Грассини, как всегда, выбивался из сил, чтобы залучить к себе новую знаменитость. Но сделать это было не так-то легко: на все приглашения Монтанелли отвечал вежливым, но решительным отказом, ссылаясь на плохое здоровье и недосуг.
– Вот всеядные животные эти супруги Грассини! – с презрением сказал Мартини Джемме, проходя с нею через площадь Синьории ясным и прохладным воскресным утром. – Вы заметили, какой поклон он отвесил коляске кардинала? Им все равно, что за человек, лишь бы о нем говорили. В жизни своей не видел таких охотников за знаменитостями. Еще недавно, в августе, – Овод, а теперь – Монтанелли. Надеюсь, что его преосвященство чувствует себя польщенным таким вниманием. Он делит его с целой оравой авантюристов.
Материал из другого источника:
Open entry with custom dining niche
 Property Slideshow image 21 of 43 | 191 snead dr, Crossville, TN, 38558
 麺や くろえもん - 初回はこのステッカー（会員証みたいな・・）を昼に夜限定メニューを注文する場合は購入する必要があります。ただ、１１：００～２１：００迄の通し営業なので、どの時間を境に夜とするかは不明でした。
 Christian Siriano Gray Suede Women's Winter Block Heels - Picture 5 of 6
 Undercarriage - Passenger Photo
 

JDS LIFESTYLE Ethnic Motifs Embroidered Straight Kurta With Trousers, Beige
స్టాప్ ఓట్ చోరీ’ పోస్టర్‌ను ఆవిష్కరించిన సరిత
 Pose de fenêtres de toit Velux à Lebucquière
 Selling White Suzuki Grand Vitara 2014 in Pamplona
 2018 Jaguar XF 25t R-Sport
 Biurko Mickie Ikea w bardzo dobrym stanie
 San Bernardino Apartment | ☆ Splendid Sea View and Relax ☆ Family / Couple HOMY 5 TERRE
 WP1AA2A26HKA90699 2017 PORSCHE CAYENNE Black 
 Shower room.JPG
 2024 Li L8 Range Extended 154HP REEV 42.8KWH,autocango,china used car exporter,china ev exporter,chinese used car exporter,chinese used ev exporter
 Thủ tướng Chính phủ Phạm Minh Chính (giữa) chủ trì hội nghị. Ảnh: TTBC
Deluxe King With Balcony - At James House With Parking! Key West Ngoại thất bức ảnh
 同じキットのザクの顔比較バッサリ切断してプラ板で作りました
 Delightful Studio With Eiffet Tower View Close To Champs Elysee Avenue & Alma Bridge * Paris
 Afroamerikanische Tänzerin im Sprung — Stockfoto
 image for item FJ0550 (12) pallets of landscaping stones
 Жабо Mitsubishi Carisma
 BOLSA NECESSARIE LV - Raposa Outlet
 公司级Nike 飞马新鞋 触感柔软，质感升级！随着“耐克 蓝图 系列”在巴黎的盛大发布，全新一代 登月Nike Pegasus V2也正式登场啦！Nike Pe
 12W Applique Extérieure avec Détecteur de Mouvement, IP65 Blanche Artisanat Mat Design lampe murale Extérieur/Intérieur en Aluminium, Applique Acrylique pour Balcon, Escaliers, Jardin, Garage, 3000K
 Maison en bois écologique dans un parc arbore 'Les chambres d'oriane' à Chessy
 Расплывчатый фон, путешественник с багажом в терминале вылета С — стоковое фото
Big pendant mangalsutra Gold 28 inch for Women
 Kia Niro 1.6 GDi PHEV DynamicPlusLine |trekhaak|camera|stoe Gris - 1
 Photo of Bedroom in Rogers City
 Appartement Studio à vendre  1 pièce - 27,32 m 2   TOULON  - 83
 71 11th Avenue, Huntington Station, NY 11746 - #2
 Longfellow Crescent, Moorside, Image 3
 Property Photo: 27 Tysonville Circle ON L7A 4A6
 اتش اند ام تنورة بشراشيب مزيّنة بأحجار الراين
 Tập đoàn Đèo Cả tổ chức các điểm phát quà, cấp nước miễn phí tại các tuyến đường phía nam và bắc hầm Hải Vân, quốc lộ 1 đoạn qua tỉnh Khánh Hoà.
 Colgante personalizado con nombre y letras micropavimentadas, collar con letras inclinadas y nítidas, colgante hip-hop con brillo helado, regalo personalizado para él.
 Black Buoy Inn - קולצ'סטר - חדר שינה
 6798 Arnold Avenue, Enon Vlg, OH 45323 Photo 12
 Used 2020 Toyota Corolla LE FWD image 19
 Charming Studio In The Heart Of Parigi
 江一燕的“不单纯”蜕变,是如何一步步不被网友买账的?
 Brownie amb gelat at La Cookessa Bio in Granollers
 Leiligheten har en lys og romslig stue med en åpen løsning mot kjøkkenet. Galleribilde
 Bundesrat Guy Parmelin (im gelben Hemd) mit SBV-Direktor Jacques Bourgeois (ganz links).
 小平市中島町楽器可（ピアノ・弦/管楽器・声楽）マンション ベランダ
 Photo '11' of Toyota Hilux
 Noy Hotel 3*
Они слушали проповедь Монтанелли в кафедральном соборе. Громадный храм был так переполнен народом, жаждавшим послушать знаменитого проповедника, что, боясь, как бы у Джеммы не разболелась голова, Мартини убедил ее уйти до конца службы. Обрадовавшись первому солнечному утру после проливных дождей, он предложил ей погулять по зеленым склонам холмов у Сан-Никколо.
– Нет, – сказала она, – я охотно пройдусь, если у вас есть время, но только не в ту сторону. Пойдемте лучше к мосту; там будет проезжать Монтанелли на обратном пути из собора, а мне, как и Грассини, хочется посмотреть на знаменитость.
– Но вы ведь только что его видели.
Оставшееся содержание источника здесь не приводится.